→ What you will do
Copy exactly the lines of the data below, beginning with the line with "Puzdro MagSafe pre" and ending with the line with "Dorot Gardens chopped". Pictures are to be omitted.

** Opening Records for this exercise block **

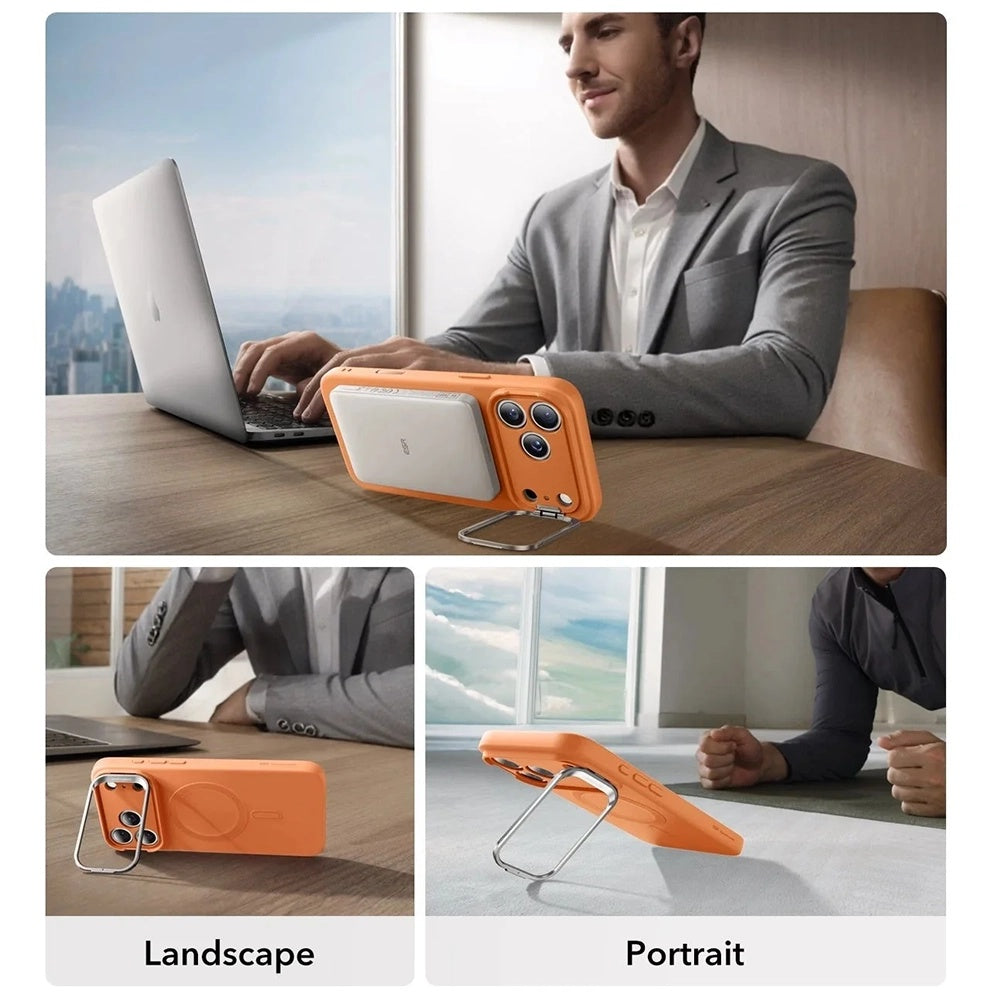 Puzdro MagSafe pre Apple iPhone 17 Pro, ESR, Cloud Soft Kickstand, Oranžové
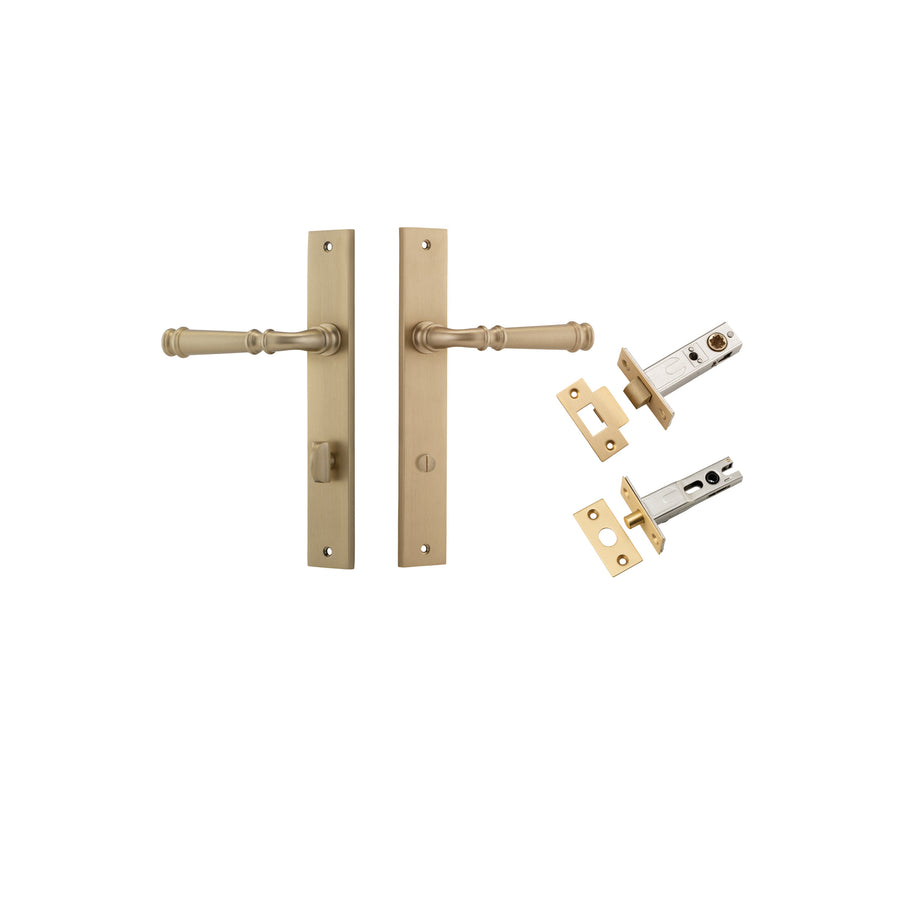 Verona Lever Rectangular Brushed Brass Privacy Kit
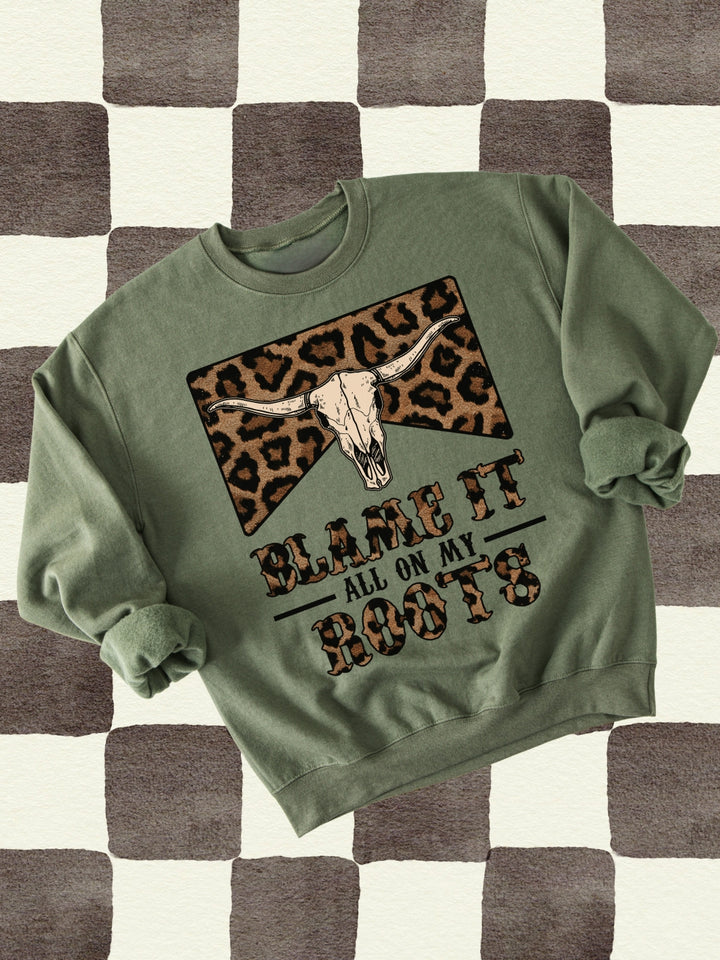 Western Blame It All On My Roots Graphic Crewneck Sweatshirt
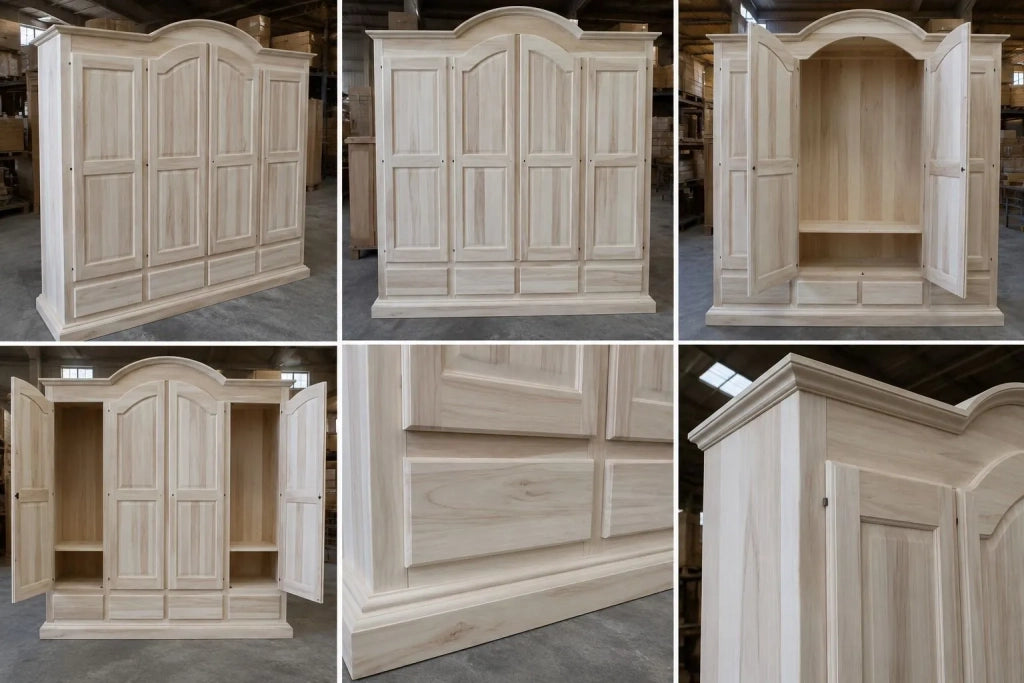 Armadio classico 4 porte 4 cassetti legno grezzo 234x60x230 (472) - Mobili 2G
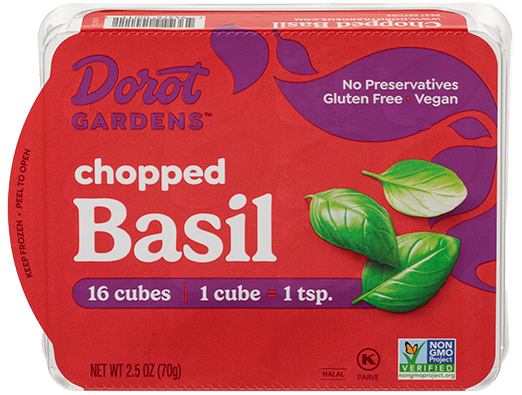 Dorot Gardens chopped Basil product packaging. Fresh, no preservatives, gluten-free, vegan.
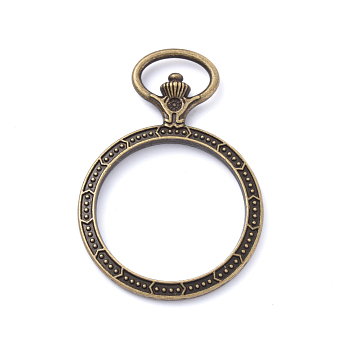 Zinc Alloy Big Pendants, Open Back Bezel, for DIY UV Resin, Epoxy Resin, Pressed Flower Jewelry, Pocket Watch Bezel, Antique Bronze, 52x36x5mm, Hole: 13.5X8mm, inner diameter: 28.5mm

** Closing Records for this exercise block **
** Opening Records for this exercise block **

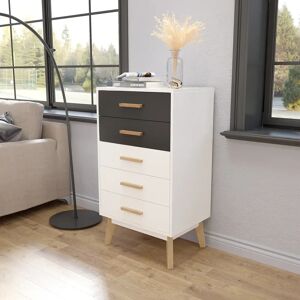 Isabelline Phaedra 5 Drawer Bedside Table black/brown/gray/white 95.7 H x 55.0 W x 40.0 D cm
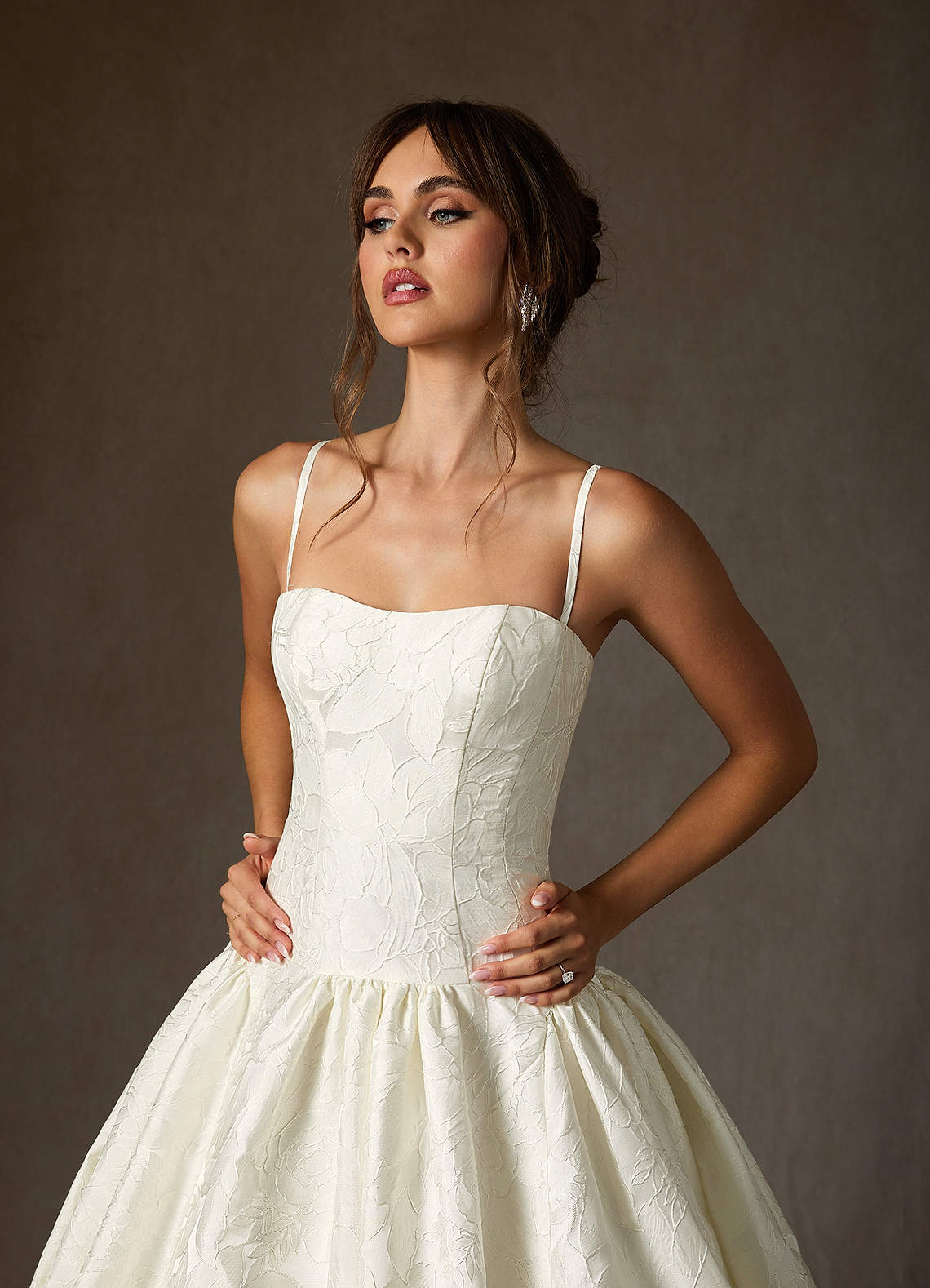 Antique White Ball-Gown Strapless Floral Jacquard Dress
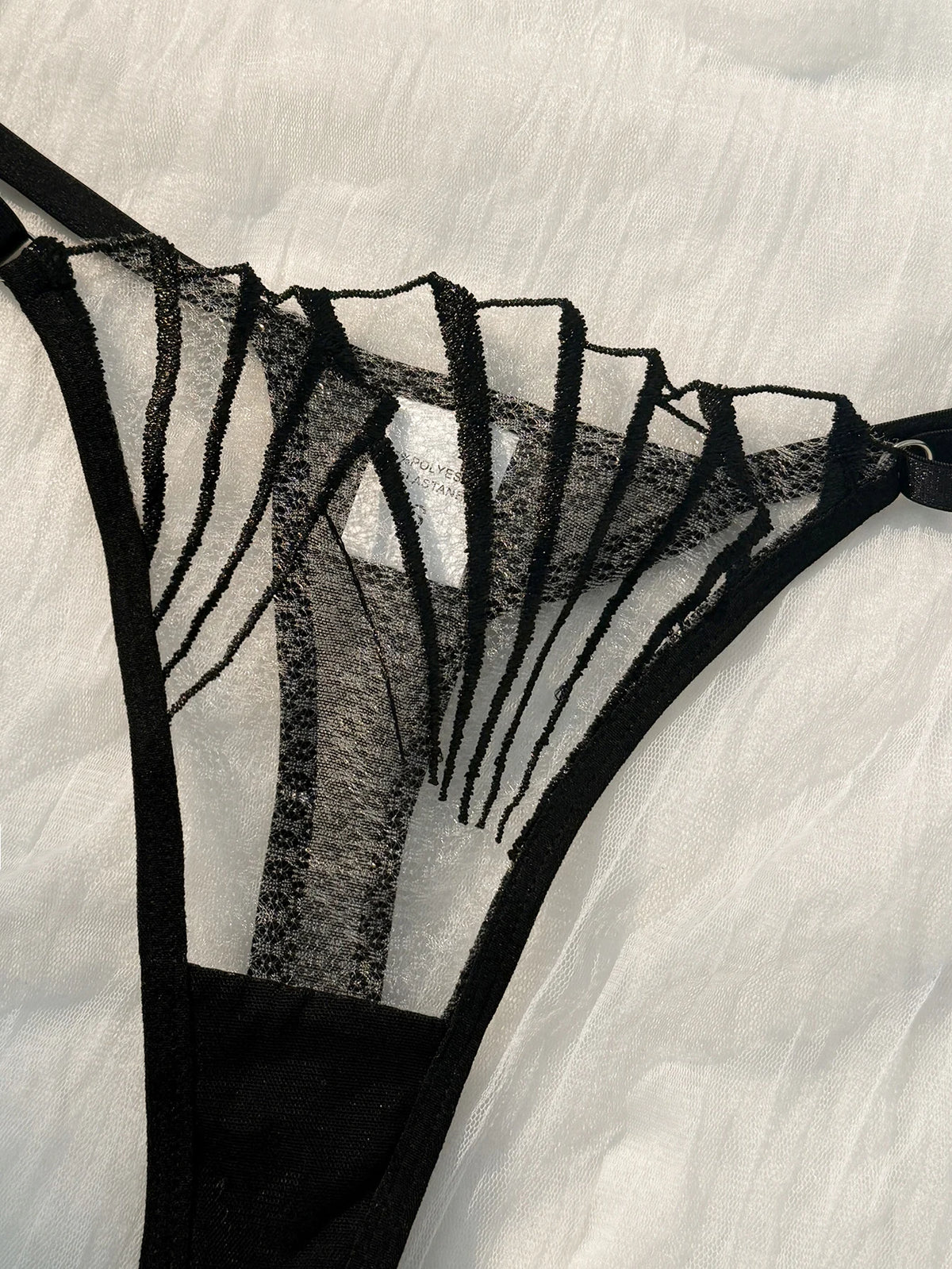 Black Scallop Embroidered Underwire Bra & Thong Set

** Closing Records for this exercise block **
** Opening Records for this exercise block **

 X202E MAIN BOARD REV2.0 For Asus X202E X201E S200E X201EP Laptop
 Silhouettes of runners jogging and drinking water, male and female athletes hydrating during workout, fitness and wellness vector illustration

** Closing Records for this exercise block **

→ Solution to the exercise
 Puzdro MagSafe pre Apple iPhone 17 Pro, ESR, Cloud Soft Kickstand, Oranžové
 Verona Lever Rectangular Brushed Brass Privacy Kit
 Western Blame It All On My Roots Graphic Crewneck Sweatshirt
 Armadio classico 4 porte 4 cassetti legno grezzo 234x60x230 (472) - Mobili 2G
 Dorot Gardens chopped Basil product packaging. Fresh, no preservatives, gluten-free, vegan.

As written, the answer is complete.